_Input data_
####################
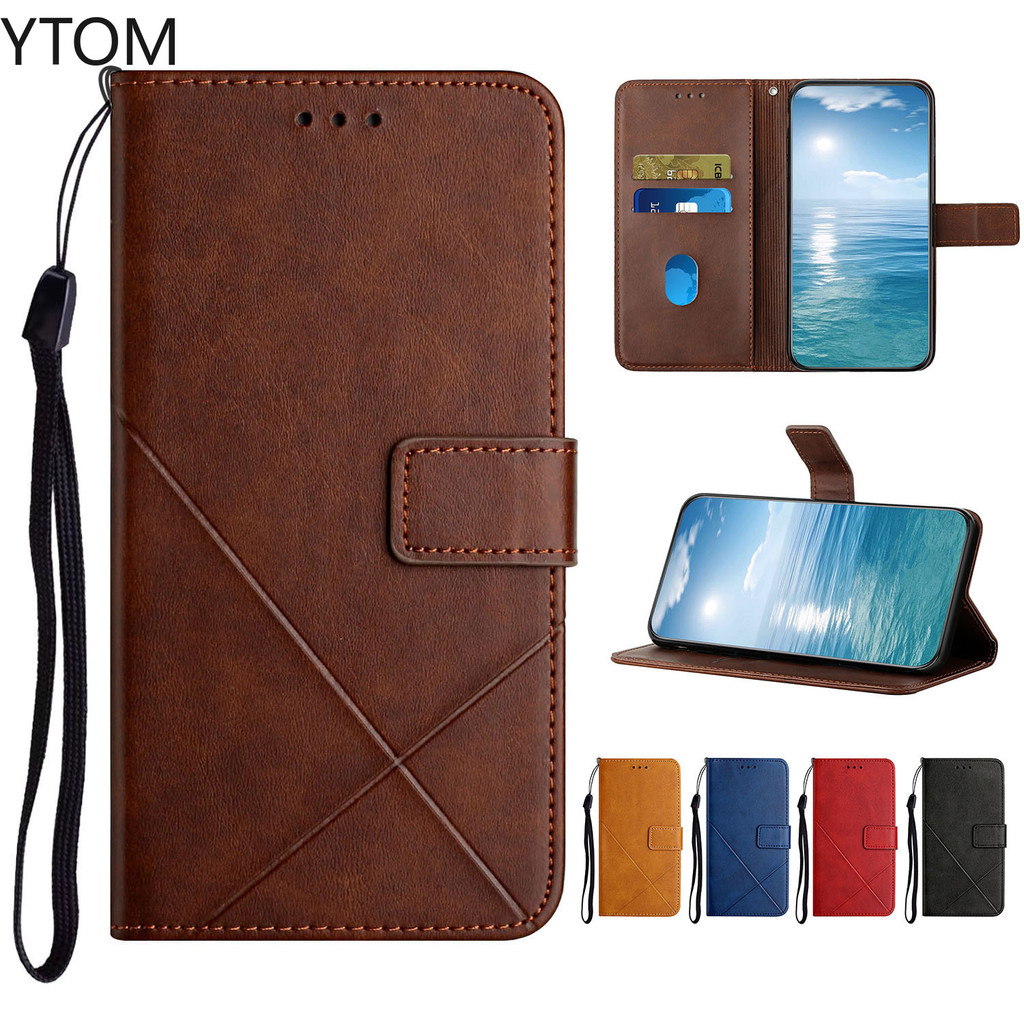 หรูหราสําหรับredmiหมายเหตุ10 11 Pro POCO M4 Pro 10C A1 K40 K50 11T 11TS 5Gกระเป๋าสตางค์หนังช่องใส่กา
####################
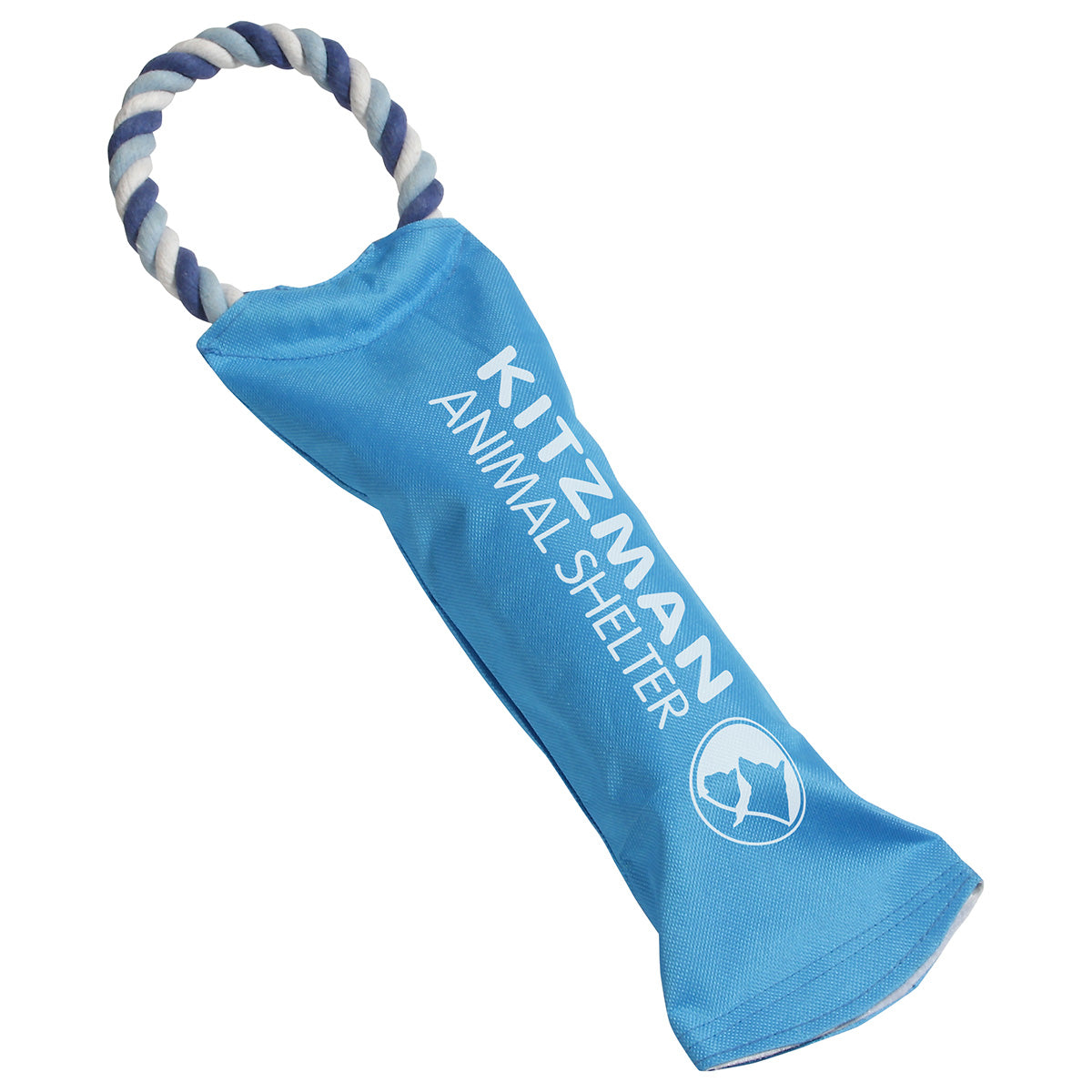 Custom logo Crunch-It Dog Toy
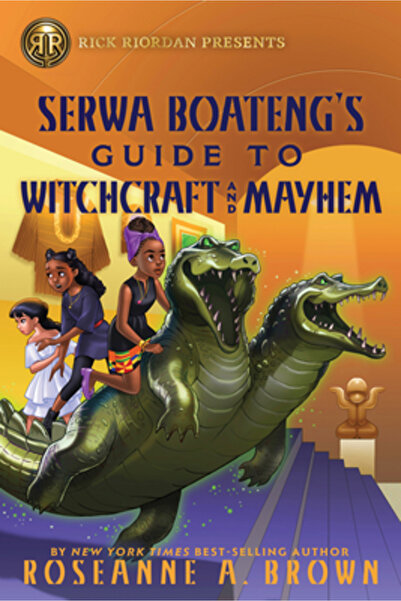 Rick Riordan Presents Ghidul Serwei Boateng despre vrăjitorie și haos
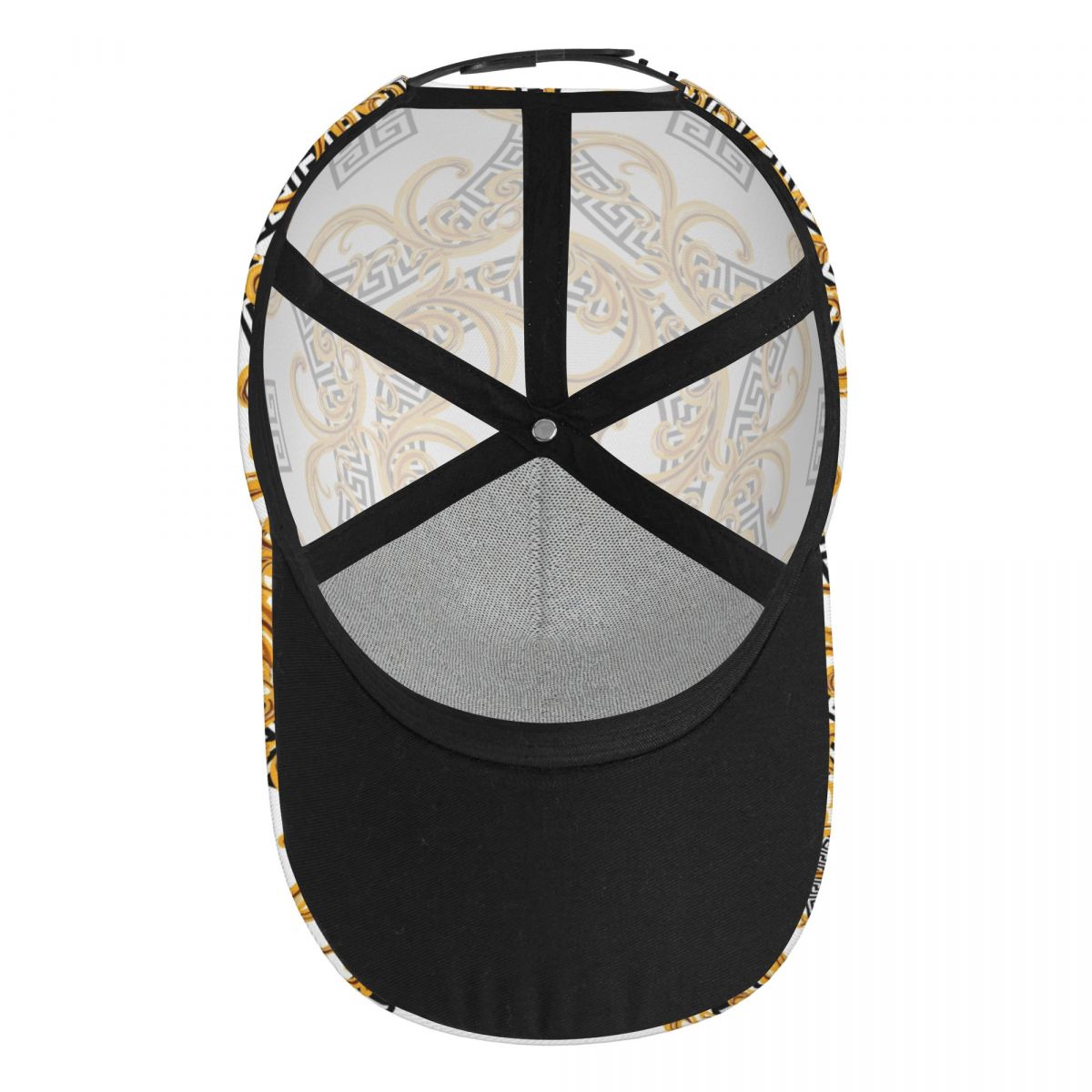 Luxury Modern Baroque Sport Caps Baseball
####################
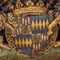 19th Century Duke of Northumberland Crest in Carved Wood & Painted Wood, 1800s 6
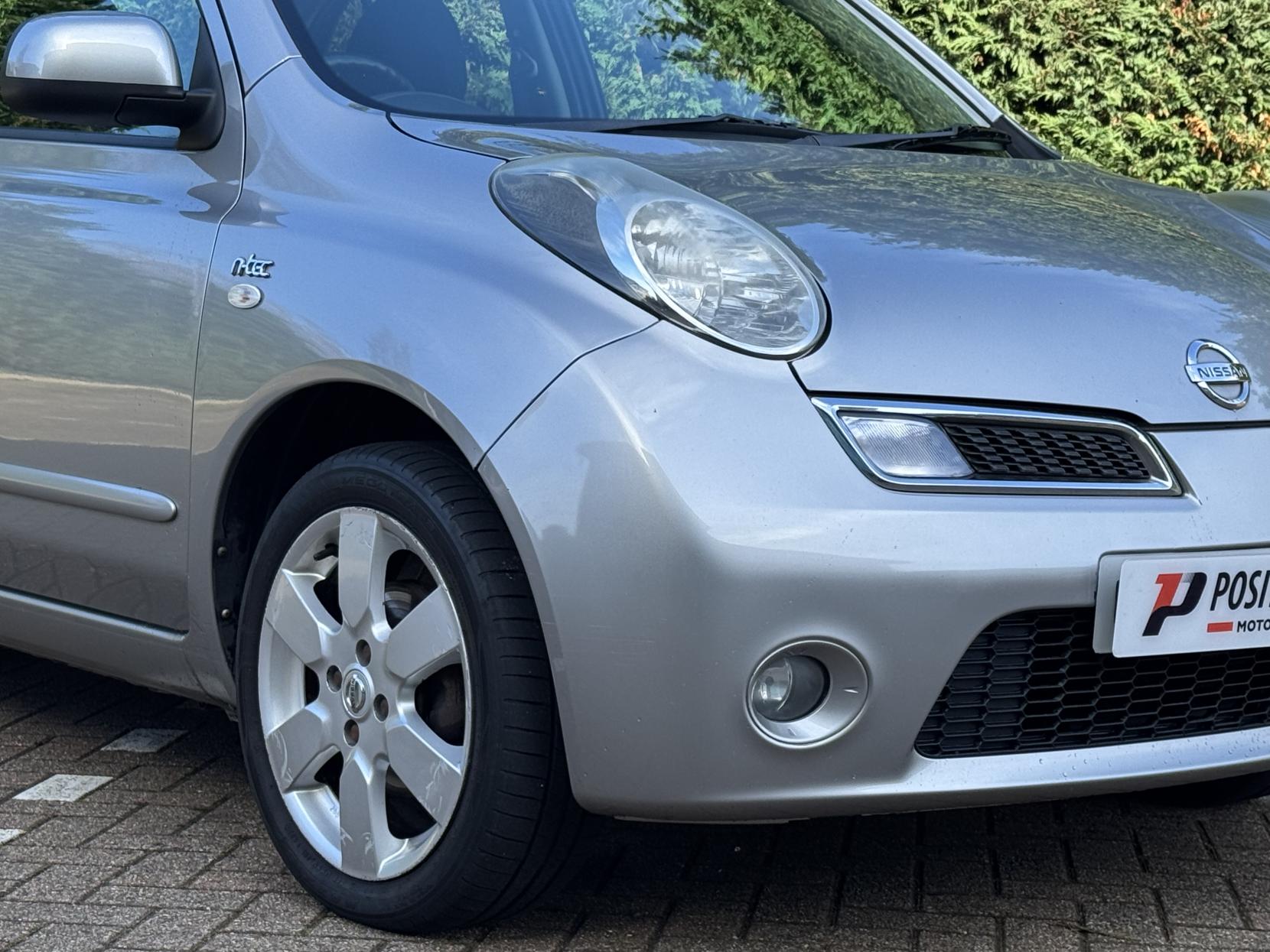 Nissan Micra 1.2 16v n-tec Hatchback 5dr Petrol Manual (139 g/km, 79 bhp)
####################
_What to produce_
Print the line above containing "Custom logo Crunch-It Dog Toy", the line containing "Luxury Modern Baroque Sport Caps Baseball", and everything between them, exactly as written. Pictures stay out.

_Solved exercise_
 Custom logo Crunch-It Dog Toy
 Rick Riordan Presents Ghidul Serwei Boateng despre vrăjitorie și haos
 Luxury Modern Baroque Sport Caps Baseball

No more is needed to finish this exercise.